--- START ---

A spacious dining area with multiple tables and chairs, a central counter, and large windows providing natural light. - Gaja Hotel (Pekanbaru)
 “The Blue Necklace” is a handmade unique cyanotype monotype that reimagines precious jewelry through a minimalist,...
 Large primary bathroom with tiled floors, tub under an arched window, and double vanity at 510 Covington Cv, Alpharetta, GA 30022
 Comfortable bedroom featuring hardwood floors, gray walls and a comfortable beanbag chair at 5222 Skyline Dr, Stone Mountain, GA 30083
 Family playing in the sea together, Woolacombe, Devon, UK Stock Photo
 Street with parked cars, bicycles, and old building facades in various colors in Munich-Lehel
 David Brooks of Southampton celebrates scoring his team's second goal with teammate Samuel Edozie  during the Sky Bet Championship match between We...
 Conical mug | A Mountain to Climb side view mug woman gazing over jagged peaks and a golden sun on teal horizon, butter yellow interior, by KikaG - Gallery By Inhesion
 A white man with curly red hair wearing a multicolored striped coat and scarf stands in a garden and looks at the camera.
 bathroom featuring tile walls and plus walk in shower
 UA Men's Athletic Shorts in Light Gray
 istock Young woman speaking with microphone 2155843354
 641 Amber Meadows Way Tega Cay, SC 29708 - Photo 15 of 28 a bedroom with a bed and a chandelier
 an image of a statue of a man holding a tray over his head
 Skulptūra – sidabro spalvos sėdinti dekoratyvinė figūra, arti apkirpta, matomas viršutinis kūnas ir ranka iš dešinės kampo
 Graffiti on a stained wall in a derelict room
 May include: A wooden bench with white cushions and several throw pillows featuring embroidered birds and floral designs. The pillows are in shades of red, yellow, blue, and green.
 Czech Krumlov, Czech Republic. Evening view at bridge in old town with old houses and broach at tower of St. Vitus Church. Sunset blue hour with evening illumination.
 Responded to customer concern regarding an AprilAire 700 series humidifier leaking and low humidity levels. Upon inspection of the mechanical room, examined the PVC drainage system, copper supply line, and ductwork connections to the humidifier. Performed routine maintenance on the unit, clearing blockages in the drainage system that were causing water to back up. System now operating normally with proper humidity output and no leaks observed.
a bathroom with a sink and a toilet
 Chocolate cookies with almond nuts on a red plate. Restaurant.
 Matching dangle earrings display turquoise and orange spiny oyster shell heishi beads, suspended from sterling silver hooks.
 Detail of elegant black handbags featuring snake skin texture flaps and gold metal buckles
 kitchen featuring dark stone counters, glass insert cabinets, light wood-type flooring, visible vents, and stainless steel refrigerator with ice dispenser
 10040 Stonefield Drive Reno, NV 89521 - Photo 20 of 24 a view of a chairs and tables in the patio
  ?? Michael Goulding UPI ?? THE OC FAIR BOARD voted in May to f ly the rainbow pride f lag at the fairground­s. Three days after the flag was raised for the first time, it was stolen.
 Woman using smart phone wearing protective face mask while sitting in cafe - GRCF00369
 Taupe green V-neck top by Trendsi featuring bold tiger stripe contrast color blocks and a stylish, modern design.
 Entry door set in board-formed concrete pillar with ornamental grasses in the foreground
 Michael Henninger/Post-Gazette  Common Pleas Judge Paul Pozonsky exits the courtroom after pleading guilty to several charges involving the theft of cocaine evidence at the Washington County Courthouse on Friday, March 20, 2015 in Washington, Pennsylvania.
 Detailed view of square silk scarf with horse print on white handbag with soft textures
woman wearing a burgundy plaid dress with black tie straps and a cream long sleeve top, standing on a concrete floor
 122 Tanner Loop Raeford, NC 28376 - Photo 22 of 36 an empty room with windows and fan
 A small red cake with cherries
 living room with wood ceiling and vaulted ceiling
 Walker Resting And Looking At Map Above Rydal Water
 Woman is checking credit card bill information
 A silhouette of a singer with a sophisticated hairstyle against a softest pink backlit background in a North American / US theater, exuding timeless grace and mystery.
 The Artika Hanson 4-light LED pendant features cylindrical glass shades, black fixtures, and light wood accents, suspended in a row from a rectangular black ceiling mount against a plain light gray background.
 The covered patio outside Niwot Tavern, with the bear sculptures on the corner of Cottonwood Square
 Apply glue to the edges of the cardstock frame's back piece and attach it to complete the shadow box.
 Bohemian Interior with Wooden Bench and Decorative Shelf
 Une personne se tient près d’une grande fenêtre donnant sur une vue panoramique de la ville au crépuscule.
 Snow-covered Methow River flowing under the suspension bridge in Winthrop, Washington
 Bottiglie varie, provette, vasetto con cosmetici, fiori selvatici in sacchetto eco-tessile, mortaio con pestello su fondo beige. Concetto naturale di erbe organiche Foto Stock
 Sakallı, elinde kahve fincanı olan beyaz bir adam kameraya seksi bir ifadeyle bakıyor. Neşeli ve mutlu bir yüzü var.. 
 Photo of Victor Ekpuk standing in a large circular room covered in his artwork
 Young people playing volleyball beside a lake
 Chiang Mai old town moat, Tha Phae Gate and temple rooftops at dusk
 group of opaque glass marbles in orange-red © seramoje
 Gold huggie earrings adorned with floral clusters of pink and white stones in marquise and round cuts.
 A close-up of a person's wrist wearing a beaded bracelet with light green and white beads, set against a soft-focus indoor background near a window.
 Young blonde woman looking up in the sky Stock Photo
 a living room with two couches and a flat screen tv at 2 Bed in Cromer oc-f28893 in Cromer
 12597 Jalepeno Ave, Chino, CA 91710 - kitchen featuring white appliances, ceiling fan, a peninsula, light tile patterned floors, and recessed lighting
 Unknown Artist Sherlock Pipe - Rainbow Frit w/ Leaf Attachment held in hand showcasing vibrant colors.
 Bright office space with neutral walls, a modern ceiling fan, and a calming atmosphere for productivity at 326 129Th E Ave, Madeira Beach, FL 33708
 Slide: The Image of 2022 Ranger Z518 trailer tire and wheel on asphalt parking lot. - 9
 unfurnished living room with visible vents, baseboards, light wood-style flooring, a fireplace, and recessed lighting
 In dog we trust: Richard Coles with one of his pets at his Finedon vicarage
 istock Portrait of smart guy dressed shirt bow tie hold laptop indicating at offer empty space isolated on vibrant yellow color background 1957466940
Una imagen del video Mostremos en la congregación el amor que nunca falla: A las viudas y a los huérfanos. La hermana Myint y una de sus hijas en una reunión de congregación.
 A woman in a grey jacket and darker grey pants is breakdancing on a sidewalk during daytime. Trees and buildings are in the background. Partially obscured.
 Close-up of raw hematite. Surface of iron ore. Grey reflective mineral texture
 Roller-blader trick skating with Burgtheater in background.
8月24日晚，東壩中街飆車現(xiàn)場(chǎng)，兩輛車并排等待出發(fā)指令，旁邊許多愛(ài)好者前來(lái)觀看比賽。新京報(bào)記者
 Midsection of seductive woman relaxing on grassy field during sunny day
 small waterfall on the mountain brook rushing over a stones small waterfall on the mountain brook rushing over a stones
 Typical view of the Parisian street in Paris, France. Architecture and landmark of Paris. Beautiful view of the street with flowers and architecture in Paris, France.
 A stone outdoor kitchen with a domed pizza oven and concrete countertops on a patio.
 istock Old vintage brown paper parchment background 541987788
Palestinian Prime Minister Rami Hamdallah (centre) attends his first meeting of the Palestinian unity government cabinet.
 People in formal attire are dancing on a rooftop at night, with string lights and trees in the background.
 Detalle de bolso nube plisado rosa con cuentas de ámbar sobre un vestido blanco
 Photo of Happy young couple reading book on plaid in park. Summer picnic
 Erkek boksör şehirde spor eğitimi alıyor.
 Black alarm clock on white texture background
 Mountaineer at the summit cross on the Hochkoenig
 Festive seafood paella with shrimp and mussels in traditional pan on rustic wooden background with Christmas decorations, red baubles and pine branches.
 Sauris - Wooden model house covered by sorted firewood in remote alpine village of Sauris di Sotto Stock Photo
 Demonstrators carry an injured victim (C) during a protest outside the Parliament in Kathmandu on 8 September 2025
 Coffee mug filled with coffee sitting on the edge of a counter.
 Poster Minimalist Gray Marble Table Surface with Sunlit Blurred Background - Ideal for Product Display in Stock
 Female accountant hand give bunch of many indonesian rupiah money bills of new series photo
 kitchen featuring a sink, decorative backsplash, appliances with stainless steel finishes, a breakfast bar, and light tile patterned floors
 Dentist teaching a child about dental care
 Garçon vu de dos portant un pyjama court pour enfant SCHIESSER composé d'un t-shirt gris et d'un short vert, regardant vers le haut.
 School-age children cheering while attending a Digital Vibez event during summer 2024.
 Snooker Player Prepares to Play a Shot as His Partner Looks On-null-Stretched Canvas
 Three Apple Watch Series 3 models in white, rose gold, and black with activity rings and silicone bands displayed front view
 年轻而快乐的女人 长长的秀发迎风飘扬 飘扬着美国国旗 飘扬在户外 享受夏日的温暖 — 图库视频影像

--- END ---

TASK INSTRUCTIONS: Output only an exact transcription of the lines above from the one with "Poster Minimalist Gray" up to and including the one with "School-age children cheering".

EXERCISE ANSWER:
 Poster Minimalist Gray Marble Table Surface with Sunlit Blurred Background - Ideal for Product Display in Stock
 Female accountant hand give bunch of many indonesian rupiah money bills of new series photo
 kitchen featuring a sink, decorative backsplash, appliances with stainless steel finishes, a breakfast bar, and light tile patterned floors
 Dentist teaching a child about dental care
 Garçon vu de dos portant un pyjama court pour enfant SCHIESSER composé d'un t-shirt gris et d'un short vert, regardant vers le haut.
 School-age children cheering while attending a Digital Vibez event during summer 2024.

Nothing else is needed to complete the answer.